“Mom, what would you say if Scott asked your permission to marry me?” Emily asked, as she placed two teacups on the kitchen table.
I stopped pouring the hot water into the teapot, put the kettle down, and turned to her.
“I would ask him if he loved the Lord, his God, with his whole heart, soul, mind, and strength—and if he loved you enough to grow very old with you.”
Four years ago, Emily had asked me, “What will happen when I get married?”
Now that question needed an answer.
But we didn’t try to answer it right away.
For weeks, we focused on selecting the date, the dress, the bridesmaids, the church, and the location for the reception.
Finally, one day I got brave enough to voice the question I knew we both had been asking ourselves.
“Emily, who do you want to walk you down the aisle?”
“I am going to do that thing you told me about.”
“The wedding I saw on TV?”
“Yes, the one where the bride started at the back of the church with no flowers, then had different men who had been father figures in her life hand her flowers as she came down the aisle. And then you can tie all the flowers together with a ribbon.”
“Who are you thinking of asking?”
“Definitely Poppy, and I’m still figuring out the others.”
She eventually asked my dad (Poppy), her three uncles—James, Arend, and Ken—as well as two friend uncles, Doug and Tony.

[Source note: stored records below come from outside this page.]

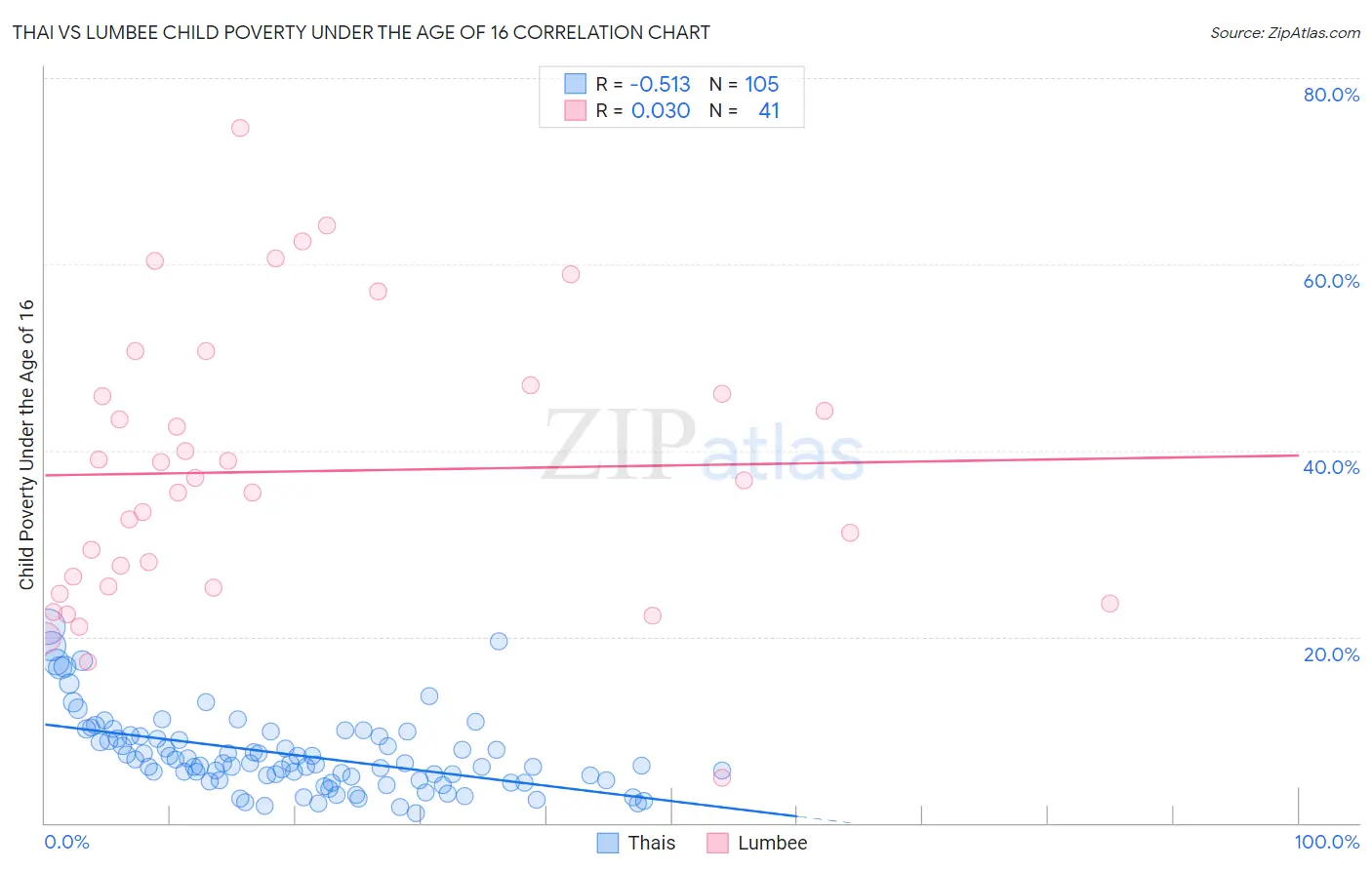 Thai vs Lumbee Child Poverty Under the Age of 16
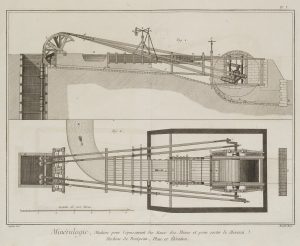 Bergwerksmaschine Pontpéan, Plan & Élévation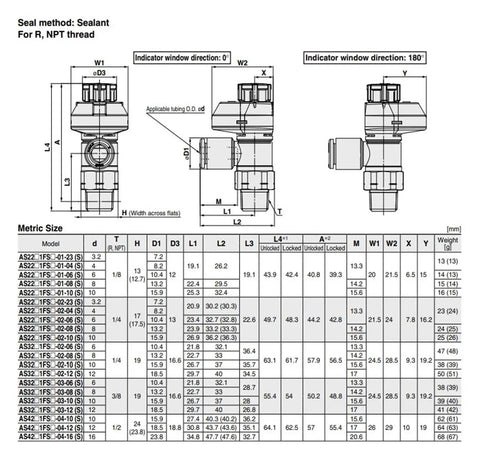 Technical drawing of Speed Controller With Indicator For AS1211FS And AS2211FS Series Motor Controllers with dimensions and details.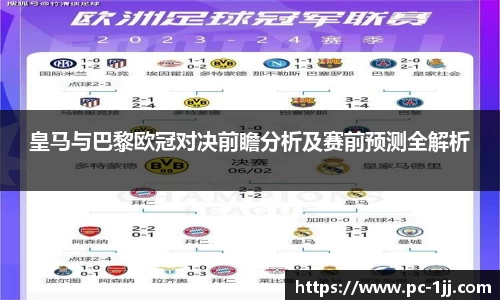 皇马与巴黎欧冠对决前瞻分析及赛前预测全解析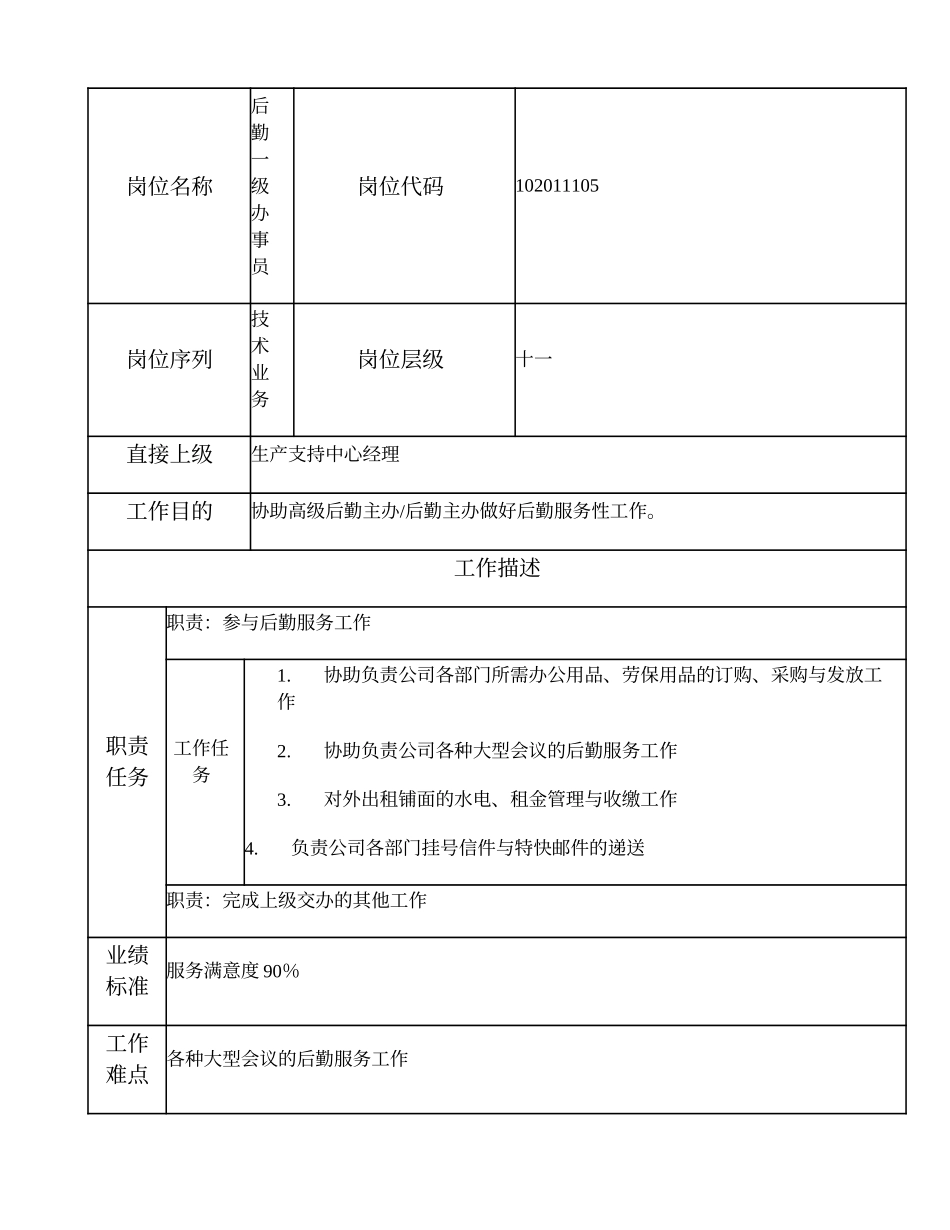 102011105 后勤一级办事员.doc_第1页
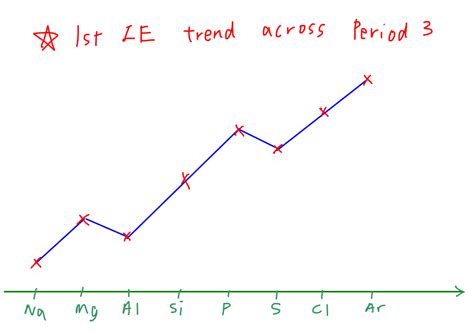 Periodicity Notes Period 3 Revise Zone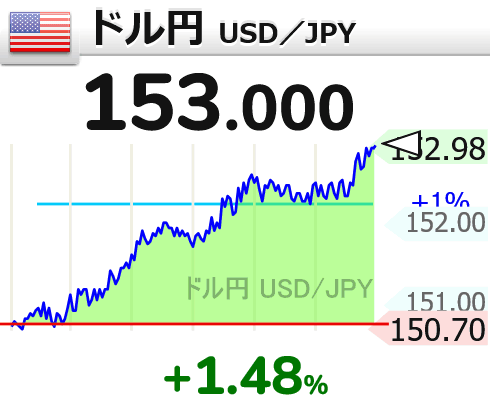 高市早苗　円安　株高　物価高　インフレ　アベノミクス　ドル円　クロス円　投資に関連した画像-01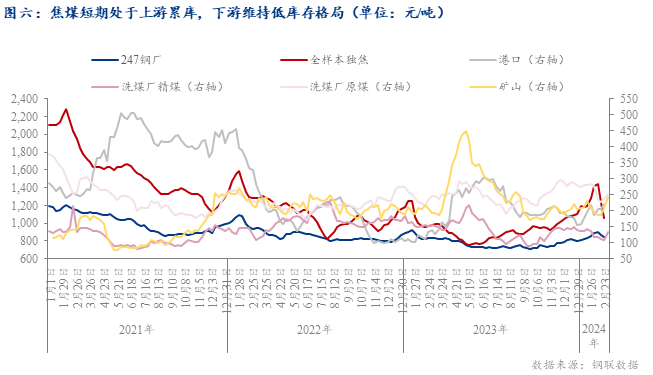 2024新澳门原料免费大全,高度协调策略执行_安卓77.259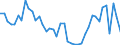Source sectors for greenhouse gas emissions (Common reporting format, UNFCCC): Total (excluding memo items) / Unit of measure: Index, 1990=100 / Geopolitical entity (reporting): Norway
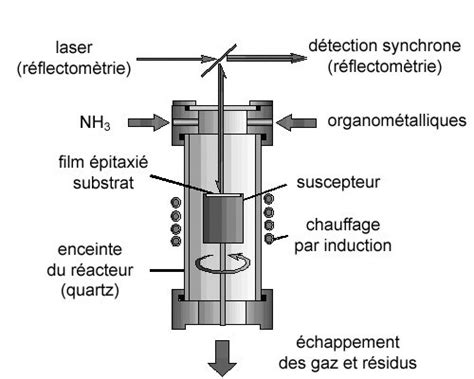 schéma du réacteur d épitaxie en phase vapeur à base Download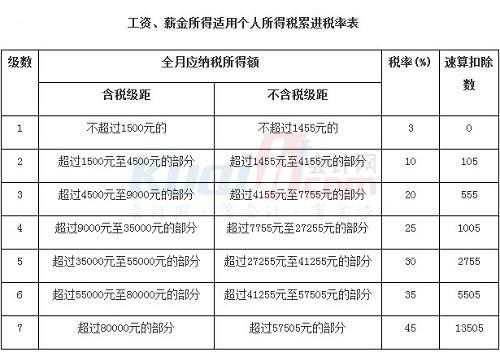 北京工资最新扣税标准（北京工资最新扣税标准）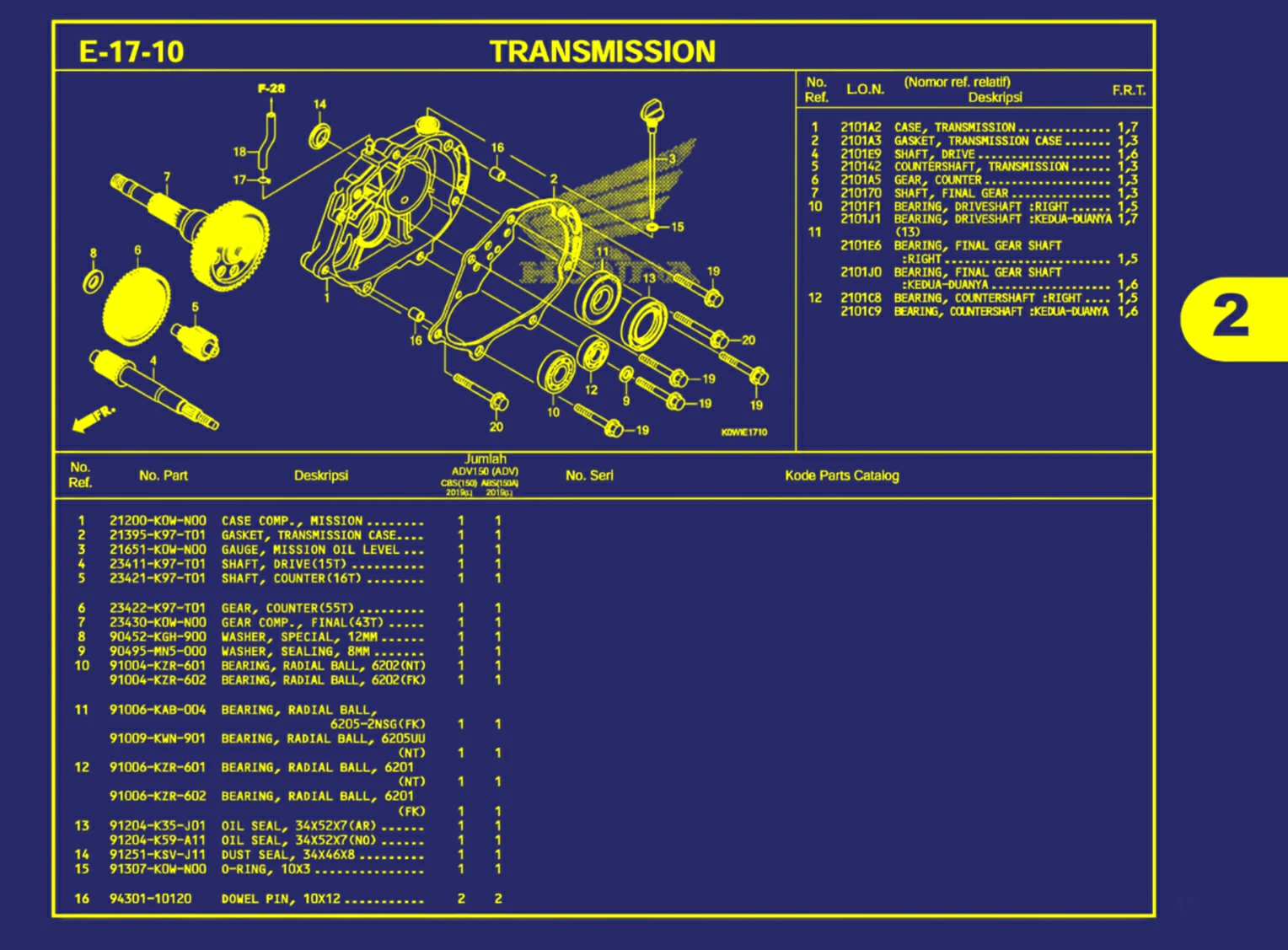 transmission 1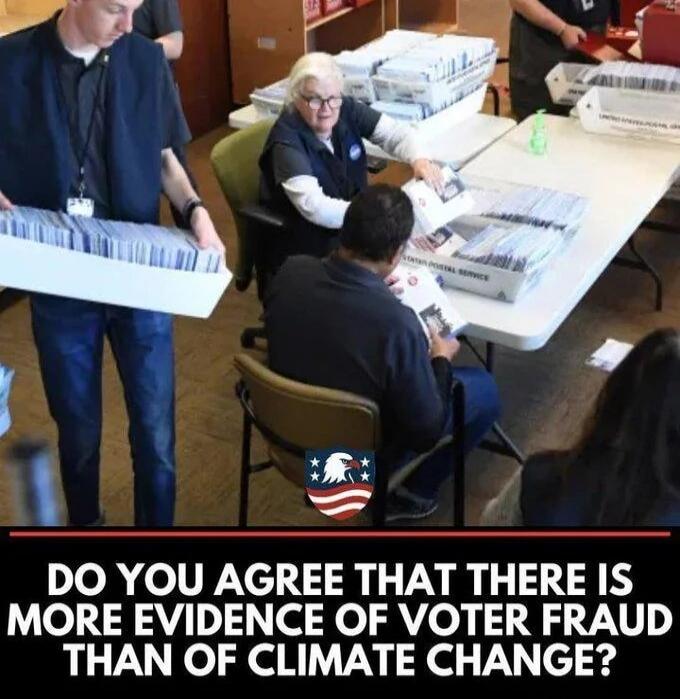 DO YOU AGREE THAT THERE IS MORE EVIDENCE OF VOTER FRAUD THAN OF CLIMATE CHANGE?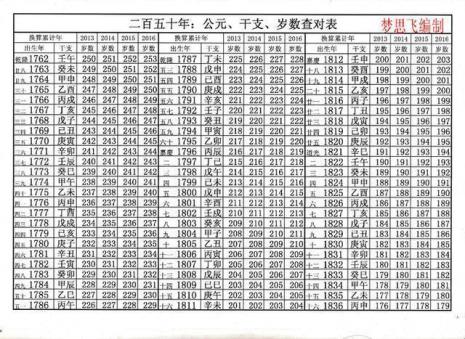 1954年天干地支怎么算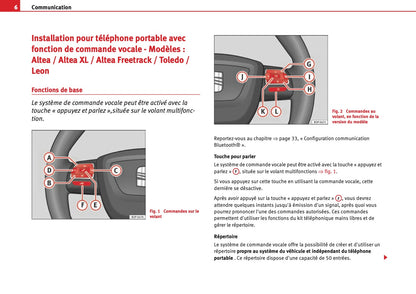 Seat Système de Communication Guide d’instructions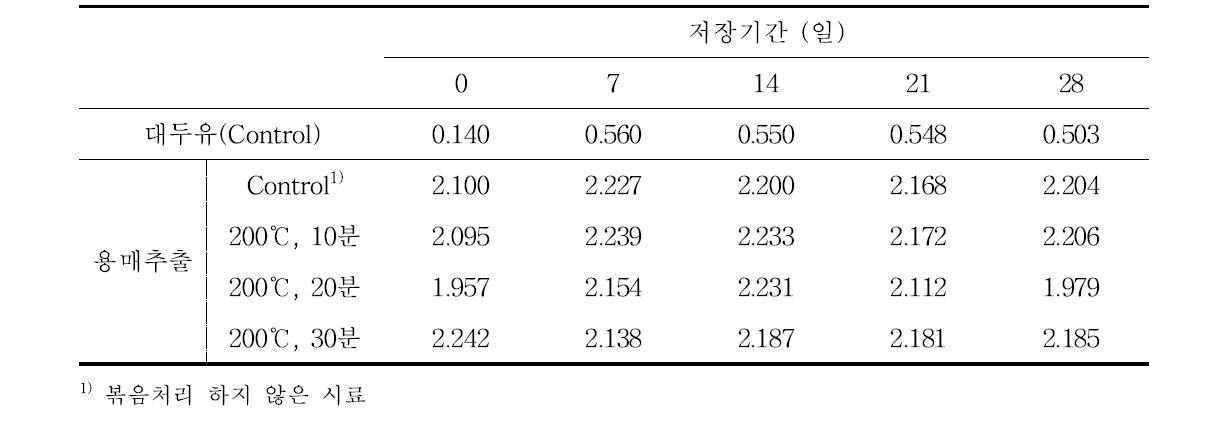 용매추출 오일의 저장 중 산가변화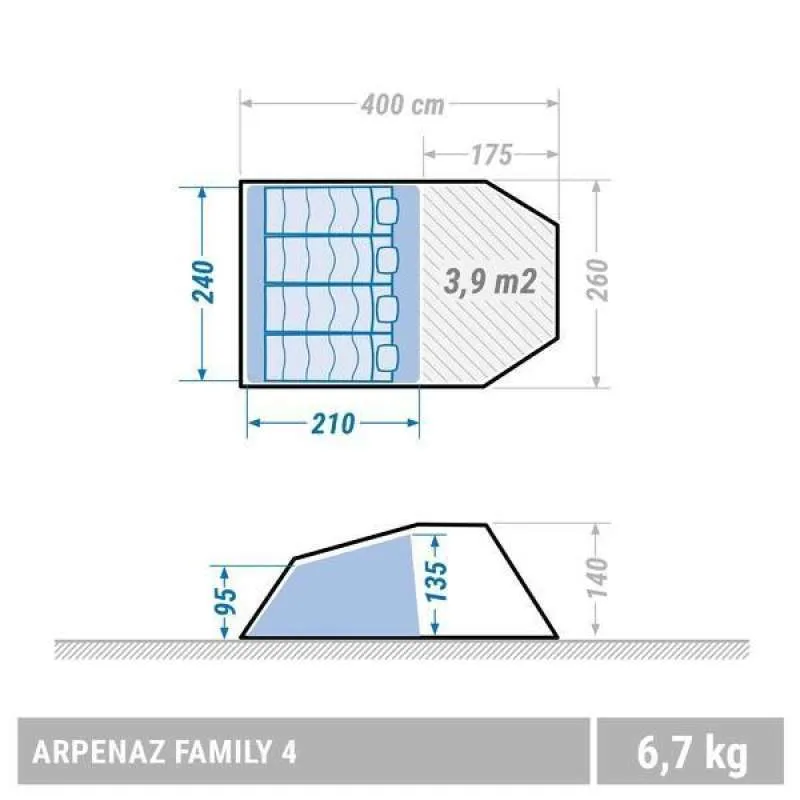 Tent 4.0 Diagram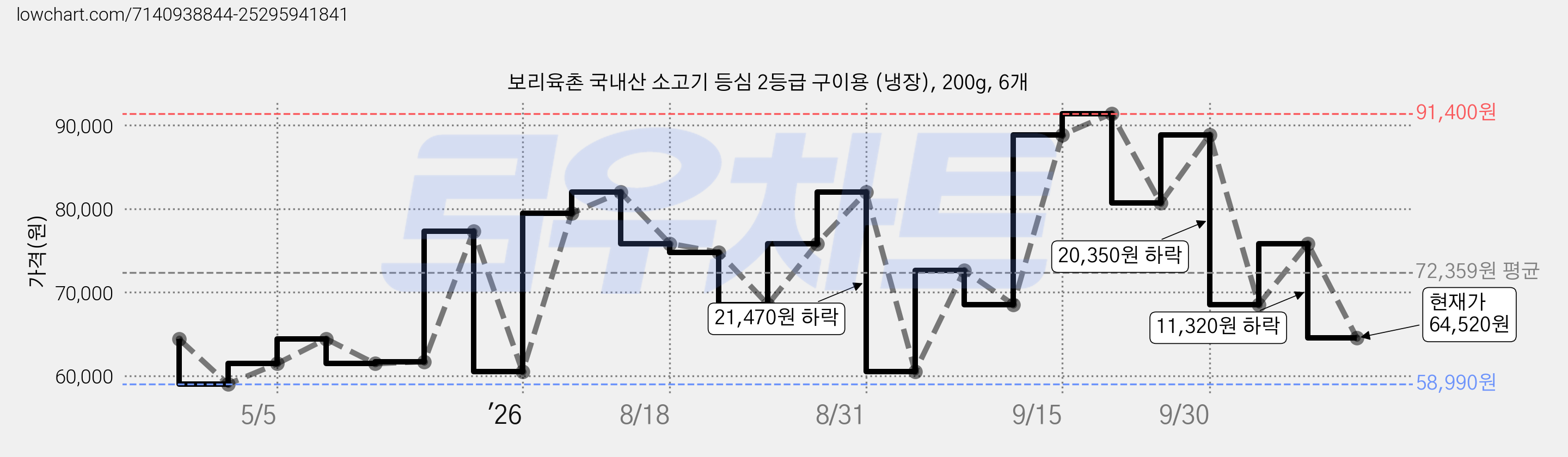 보리육촌 국내산 소고기 등심 2등급 구이용 (냉장), 200g, 6개 가격 변동 차트, 현재가 64,520원, 관측 최저가 58,990원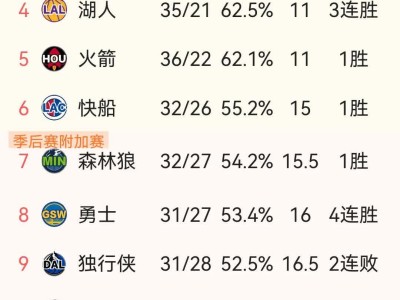 热火核心球员伤退，球队未来走势成疑，中心新闻由于类别.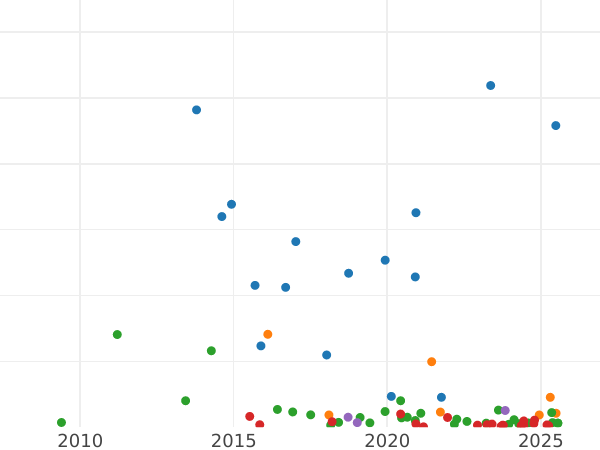 Auktionsverkaufs-Diagramm 1 Kopeke 1859 ВМ "Warschauer Münzprägeanstalt" - Münze Wert - Rußland, Alexander II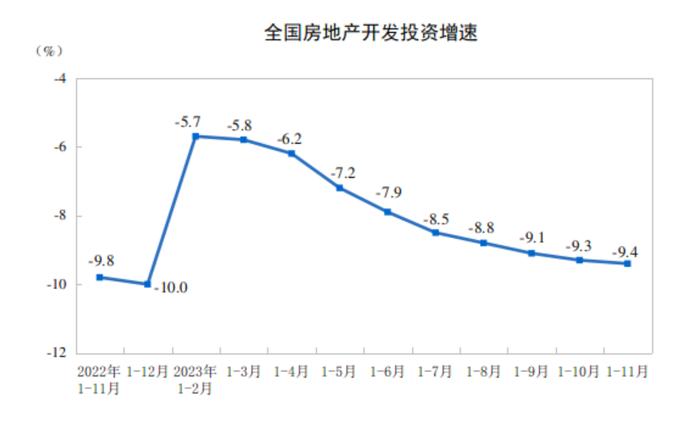 中指研究院常务副院长黄瑜：房地产政策环境已接近2014年宽松阶段，2024年核心城市投资有望改善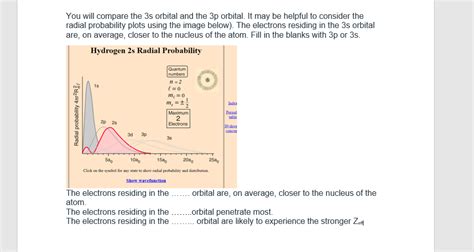 Solved You will compare the 3s orbital and the 3p orbital. | Chegg.com
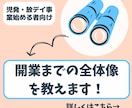 未経験でもわかる放デイ・児発の開業工程を解説します 児発、放デイを始めるまでに何をすればいいか相談できます！ イメージ1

We referred to them as the “flower men.”
As the date for the wedding approached, we thought better of calling them the flower men in the worship folder. We set out to find a proper term. After investigating various words, we chose escort. The true definition of the word escort was ideal: one or more persons accompanying another to guide, protect, or show honor.
We included the definition, and a beautiful piece Scott had written, in the worship folder which served a double purpose. It identified the escorts and their significance—and also addressed the elephant in the room.
“In honor of the memory of Bruce Van Hine, the father of the bride, we acknowledge the fact that, while Bruce could never be replaced, God in His grace has provided Emily with men who could stand beside her in love to honor, protect, and guide her in place of where her father would have stood. That is why they stand here today: to, in some small way, point to Love’s ability to leak into the cracks and lead us from a brokenness we were never meant to endure toward wholeness.”
* * *
Each man stood in the aisle holding two white calla lilies which they gave to Emily as she walked forward. The only thing we hadn’t anticipated was they would want to hug her which caused her veil to fall off before she had even made it halfway down the aisle. But it didn’t matter.
When Emily reached the front, I tied her flowers with a ribbon, hugged her, and then kissed her on the cheek. It was beautiful, symbolic, and perfect. There wasn’t a dry eye in the church.
Any tears I wept that day weren’t out of sadness but out of pride for who Emily and Scott were, and gratitude that God had supplied a way when there seemed to be no way. The ceremony and reception were all Emily and Scott hoped it would be.